That is the useful shape. Security middleware should not merely say “bad.” It should say what it saw in a form that hooks, MCP proxies, CI jobs, and audit logs can consume. A Claude Code hook can block a shell call. An MCP proxy can reject a tool argument. A memory layer can refuse to store a leaked credential. An outbound-message filter can redact or hold a response for approval. The scanner is valuable only if the runtime can act on the signal.

The benchmark story is good because it is not too clean

The headline number is fast: the project reports average classifier latency of 0.0247 ms, macro F1 0.9833, micro F1 0.9819, micro recall 1.0000, exact match 0.9724, and 1,411 validation rows. But the more credible part is that the docs also show harder splits where performance is messier. A Promptfoo-derived red-team split reports 146 cases, 93 passed, 53 failed, 0.9178 accuracy, 0.9429 precision, 0.7674 recall, 0.8462 F1, and 14.86 ms average end-to-end duration. A harder integration split reports 5,926 cases, 0.6912 accuracy, 0.9326 precision, 0.5201 recall, and 0.6678 F1.

That honesty matters.

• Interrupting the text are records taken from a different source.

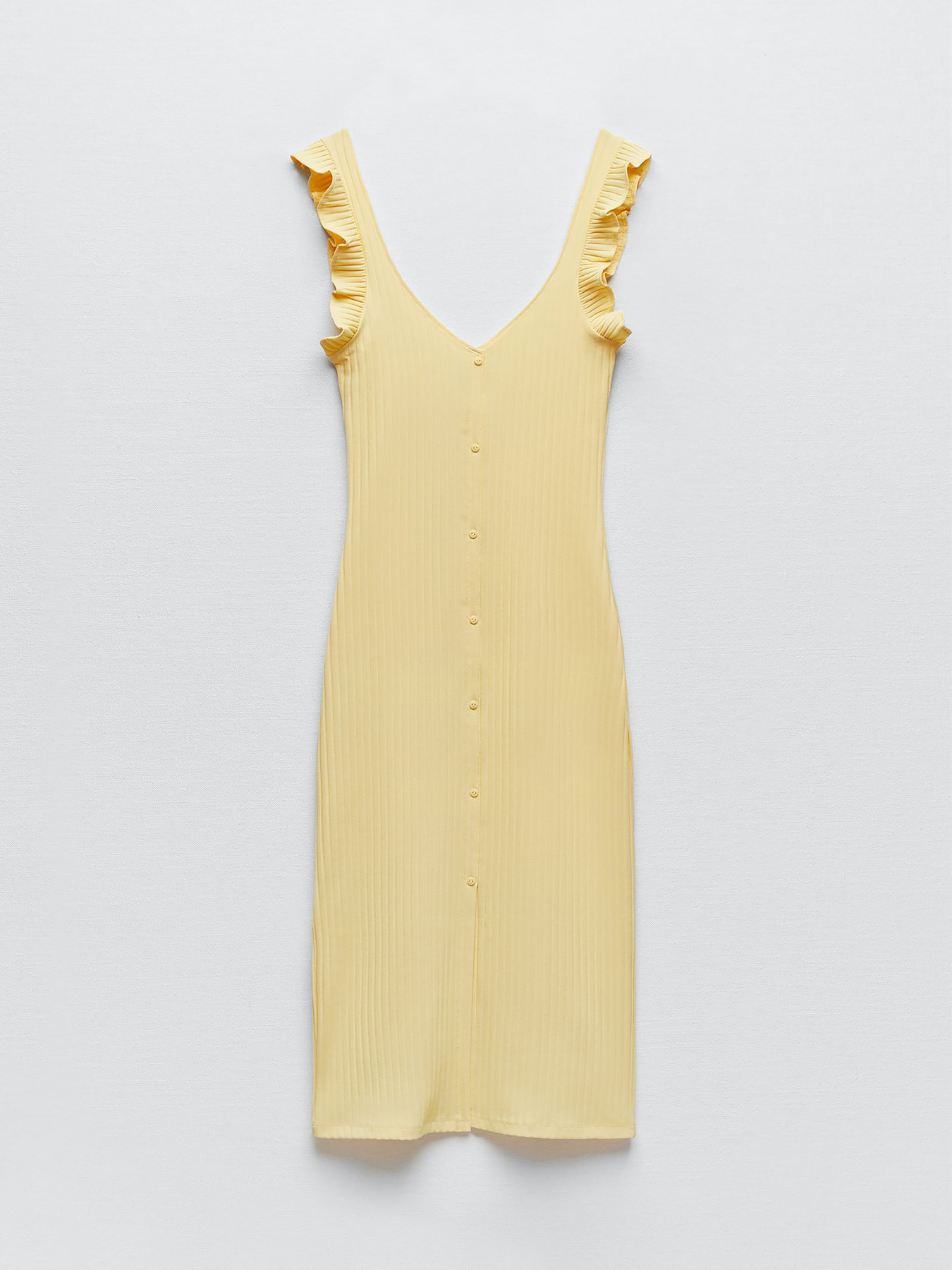 Платье миди ZARA модель 67808 Фото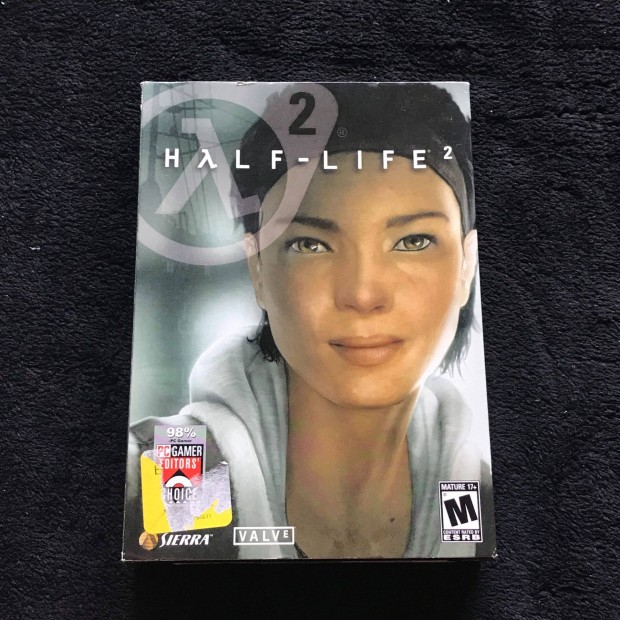 Half Life 2 - USA Edition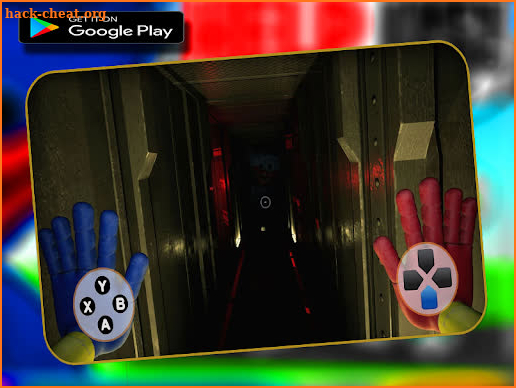 Poppy Playtime horror: Poppy Wallpapers & Gameplay screenshot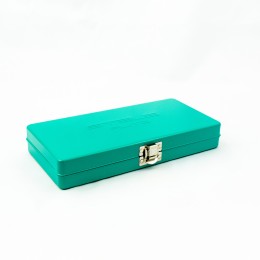 Stels Набор торцевых головок с трещоткой, 1/4", 26 предметов 13574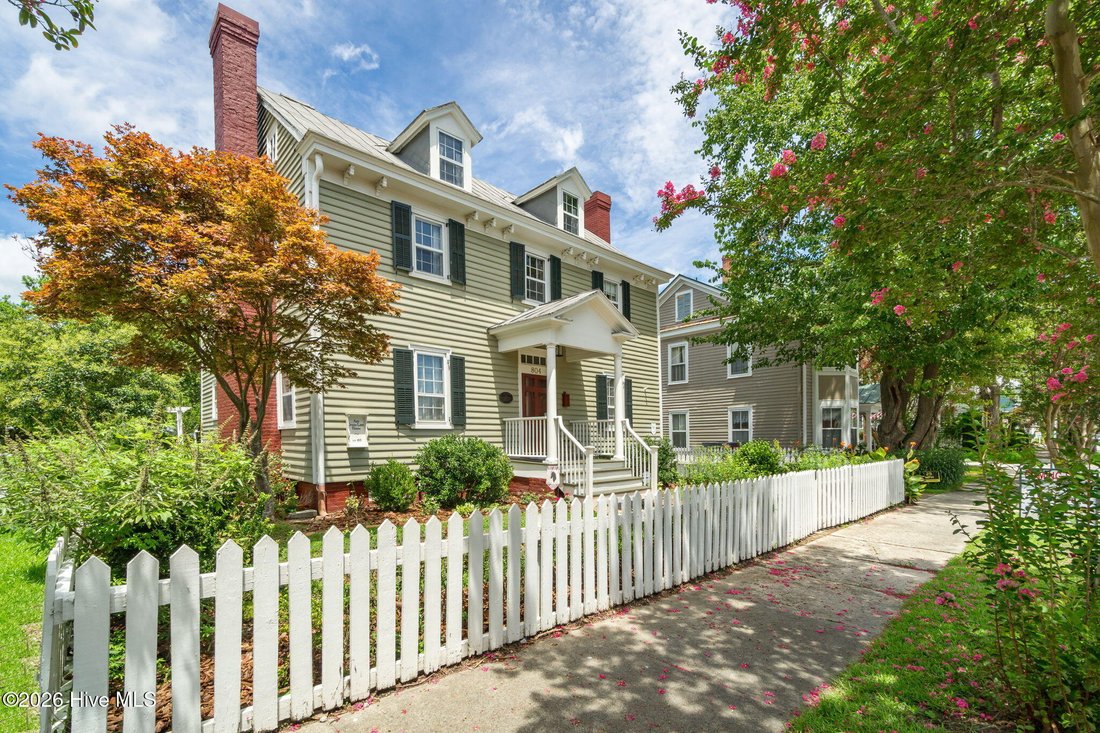 House in New Bern, North Carolina, United States 3 - 17605394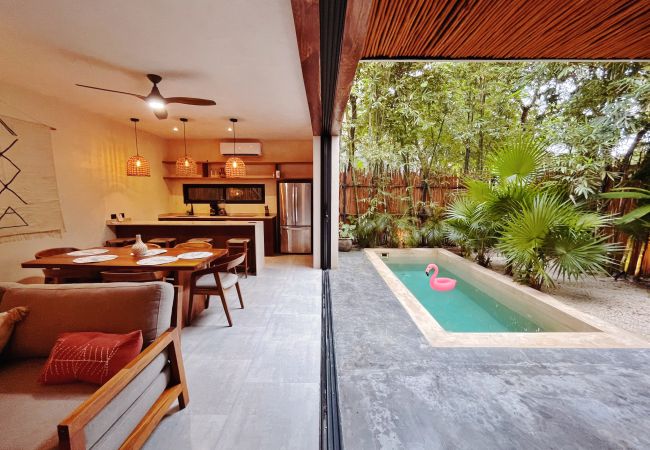 Villa en Tulum - ATMAN 106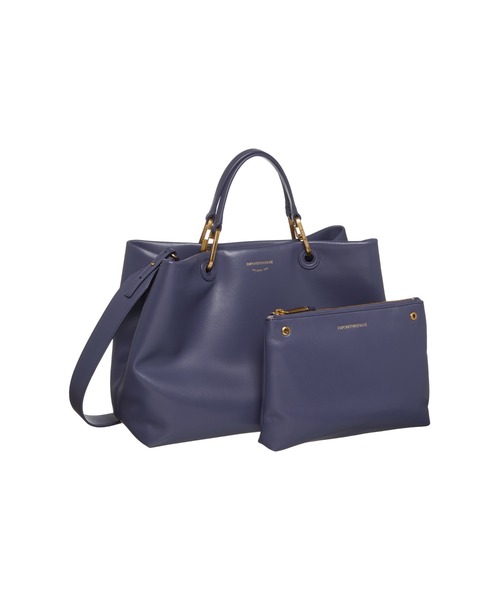 EMPORIO ARMANI トートバッグ 「エンポリオ アルマーニ」MyEA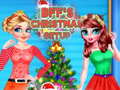 ເກມ BFF Christmas Getup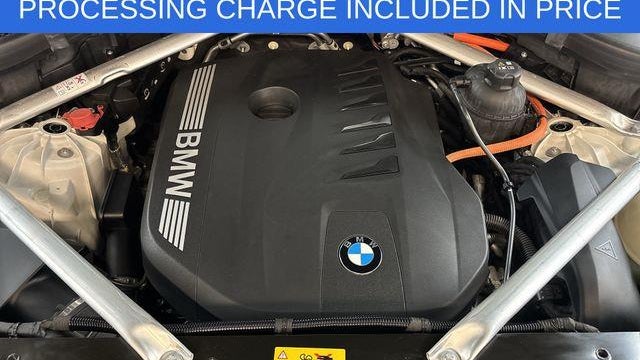 2025 BMW X5 xDrive50e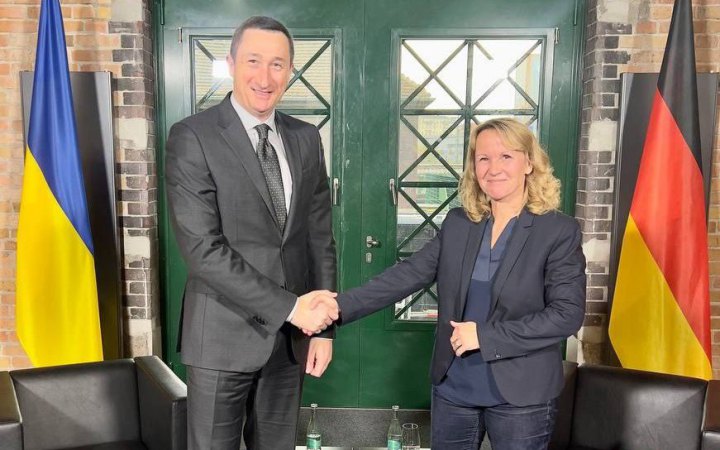 Німеччина готова надати Україні € 20 млн на закупівлю резервного обладнання для критичної інфраструктури, – Мінрегіон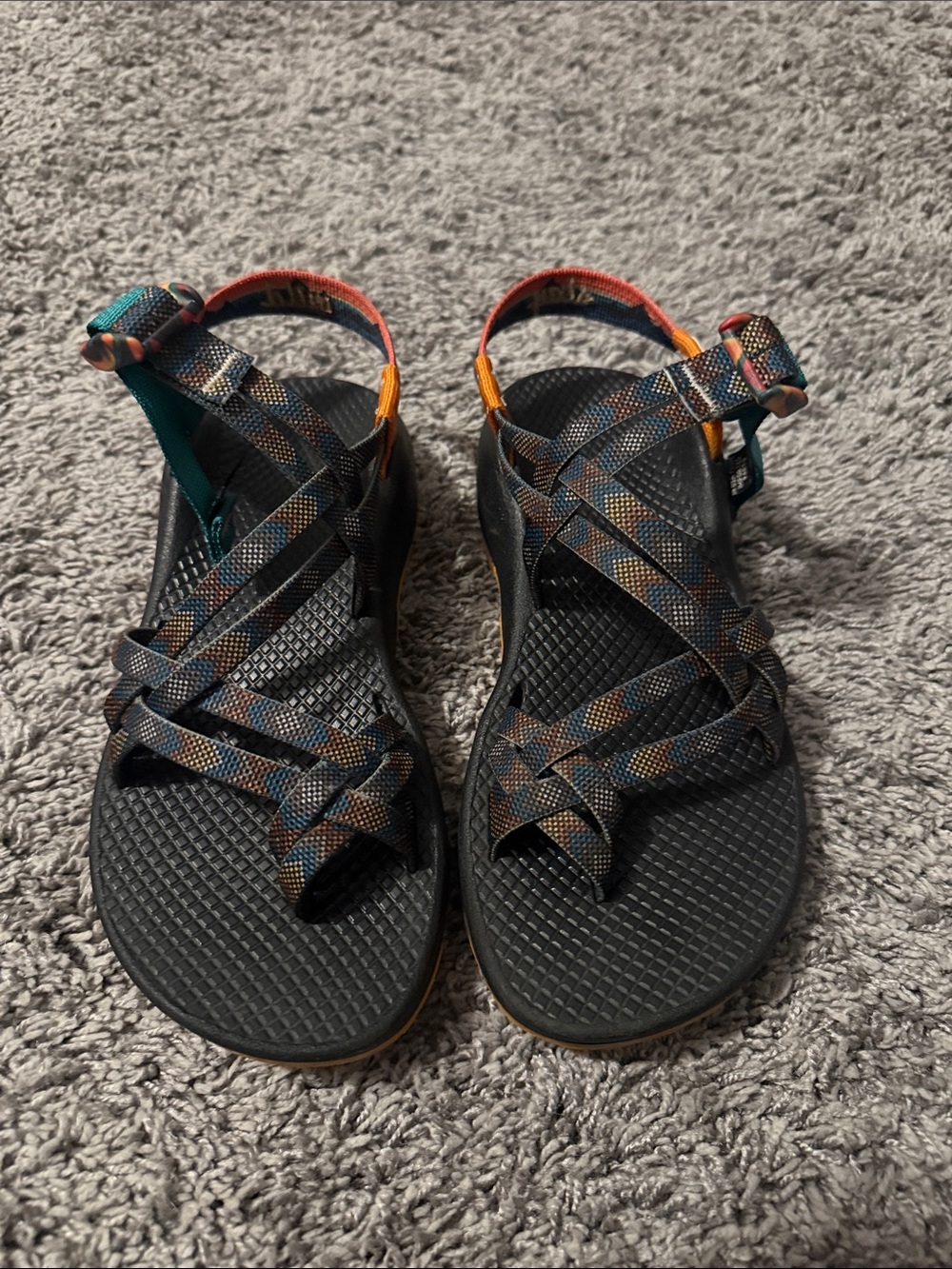 CHACO STAY WILD SANDALS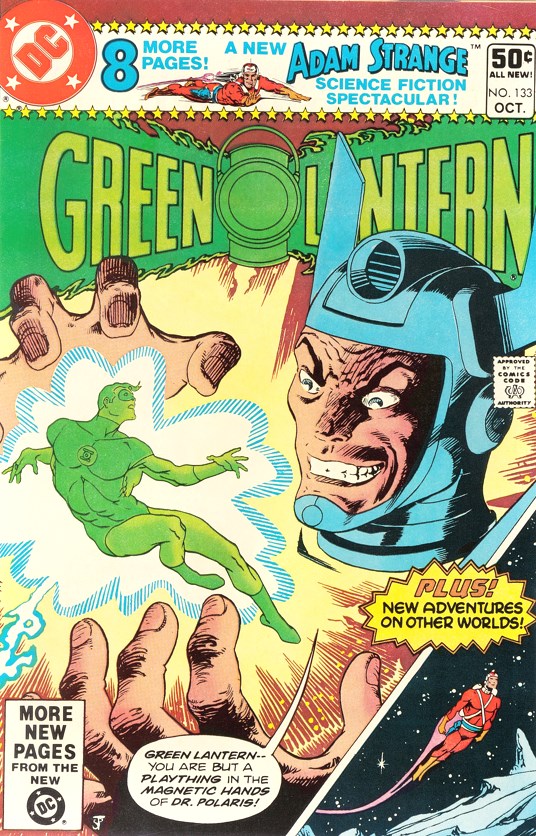 GREEN LANTERN #133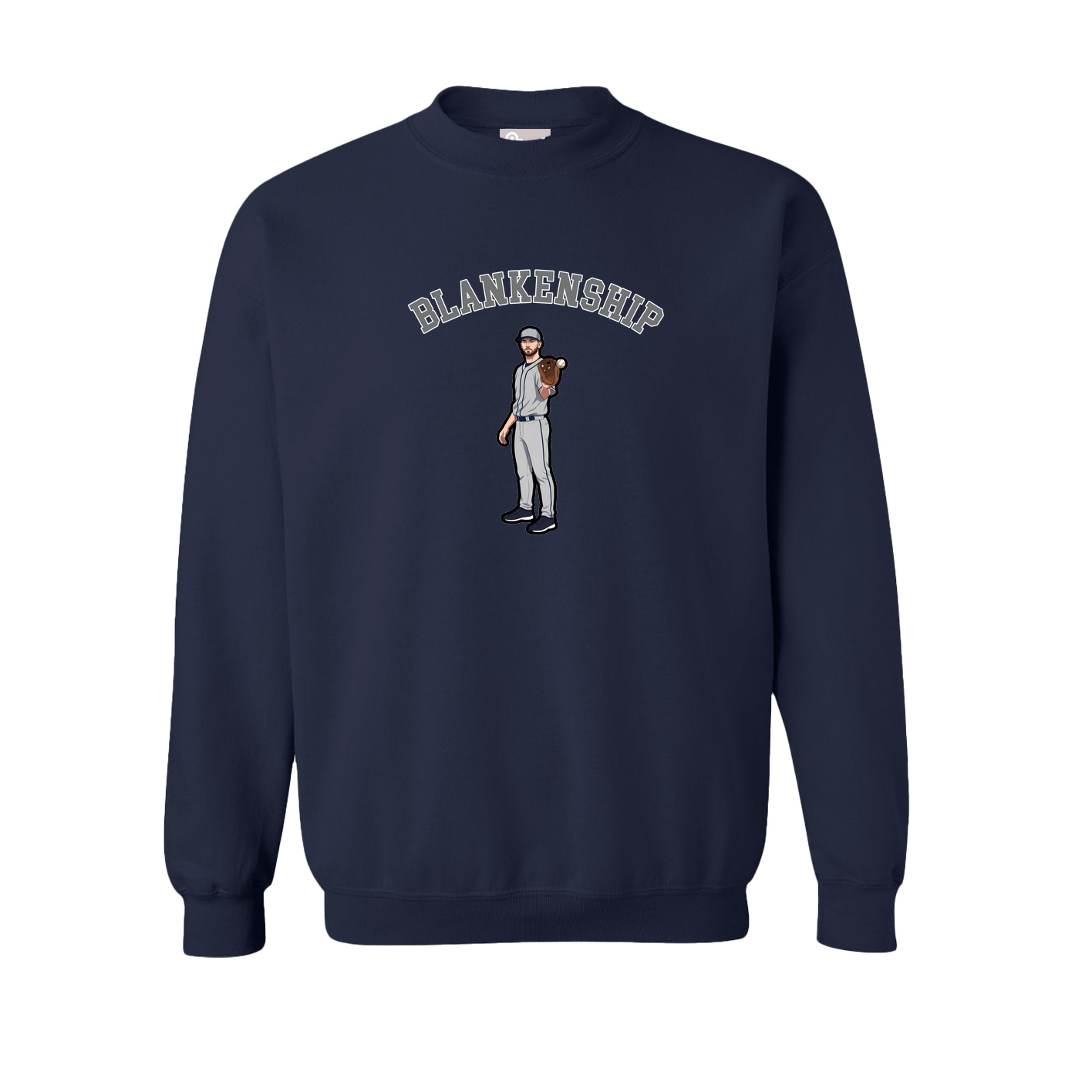 Fleece Crew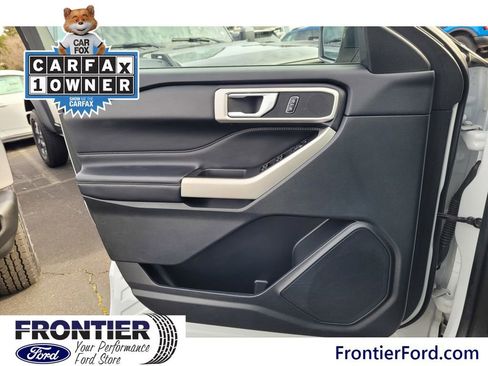 Used 2023 Ford Explorer XLT w/ Equipment Group 202A image 15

A guardrail that claims to catch everything becomes dangerous because teams either over-trust it or quickly discover misses and disable it. Armorer Guard is better understood as a sharp pre-action sensor, not a force field. It can flag suspicious content and risky arguments. It cannot decide whether Alice is authorized to query production, whether an MCP bearer token is valid, whether a plugin supply-chain install is legitimate, or whether a database credential should exist in the first place.

The local-first design is the right default for this category. Sending every prompt, retrieved document, shell command, MCP payload, and outbound message to a hosted judge model introduces the exact leakage risk the tool is supposed to reduce. Local scanning is less magical, but it is easier to reason about, easier to budget, and easier to deploy in sensitive environments. It also keeps latency from becoming an excuse to bypass the check.

Where teams should actually put it

For Claude Code and MCP users, the practical integration pattern is straightforward. Scan retrieved web pages before adding them to context. Scan tool-call JSON before shell, file, browser, database, email, and MCP execution. Block or require approval on high-confidence credential disclosure, destructive command intent, exfiltration requests, and prompt-injection reasons. Log scan IDs and sanitized excerpts. Keep false-positive fixtures in CI so policy drift is visible before developers revolt.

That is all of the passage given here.